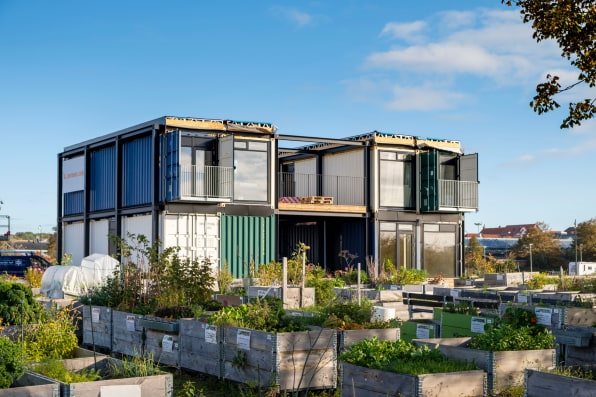 All those tiny homes made from shipping containers aren’t as sustainable as you think. Here’s why | DeviceDaily.com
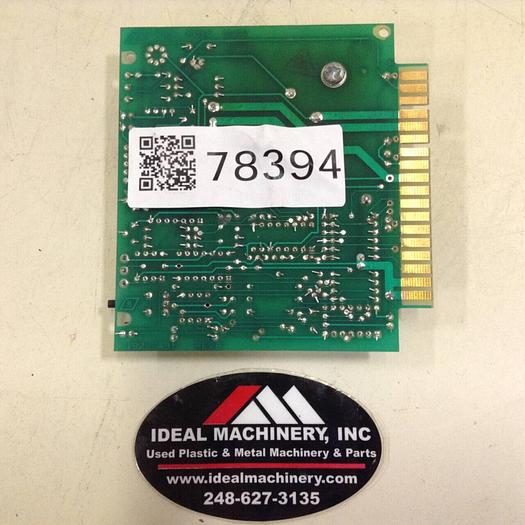 Used SCI Valve Driver Module 080-2491-1 REV C #81493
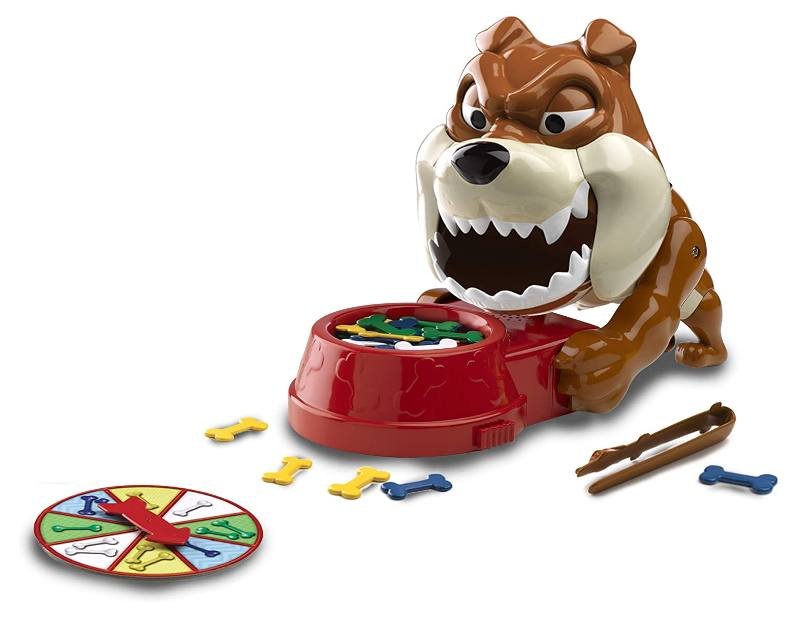 COLOSSO MOLLA L'OSSO Goliath Games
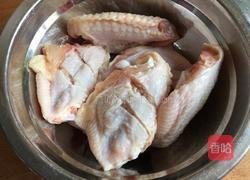 可乐鸡翅的做法图解1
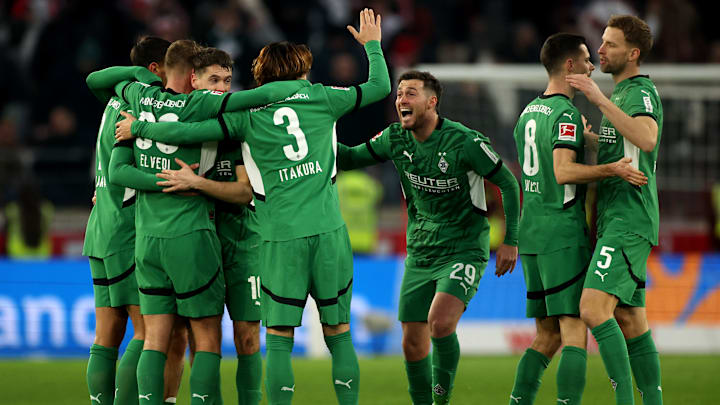 Für Gladbach geht es noch um jede Menge Kohle.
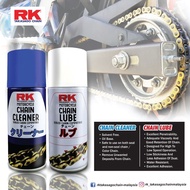 RK TAKASAGO Chain Lube & Chain Cleaner 100ML **WEST MALAYSIA ONLY**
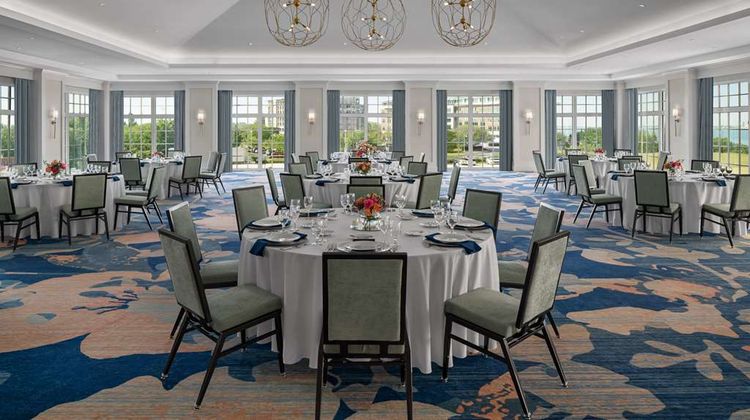 Embassy Suites Charleston Harbor Meeting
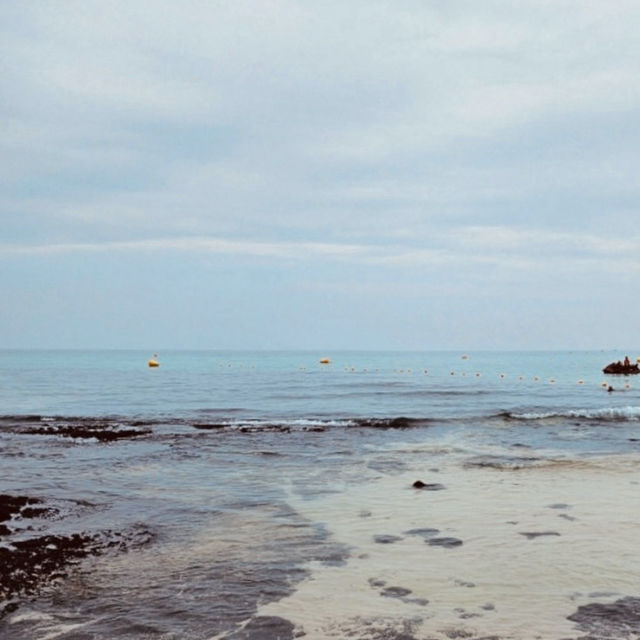 Emerald Waters and White Sands: Gimnyeong’s Breathtaking Beauty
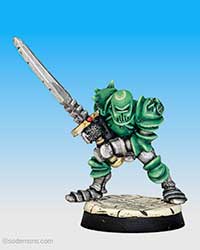 Thargrim the Dark Lord (Warrior of Chaos)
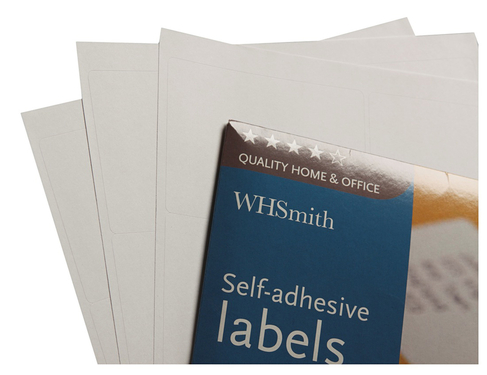 whsmith sticker paper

# # # #

=== REQUIRED WORK ===
With the pictures omitted, give every line above again exactly.

=== EXERCISE SOLUTION ===
 All those tiny homes made from shipping containers aren’t as sustainable as you think. Here’s why | DeviceDaily.com
 Used SCI Valve Driver Module 080-2491-1 REV C #81493
 COLOSSO MOLLA L'OSSO Goliath Games
 可乐鸡翅的做法图解1
 Für Gladbach geht es noch um jede Menge Kohle.
 RK TAKASAGO Chain Lube & Chain Cleaner 100ML **WEST MALAYSIA ONLY**
 Embassy Suites Charleston Harbor Meeting
 Emerald Waters and White Sands: Gimnyeong’s Breathtaking Beauty
 Thargrim the Dark Lord (Warrior of Chaos)
 whsmith sticker paper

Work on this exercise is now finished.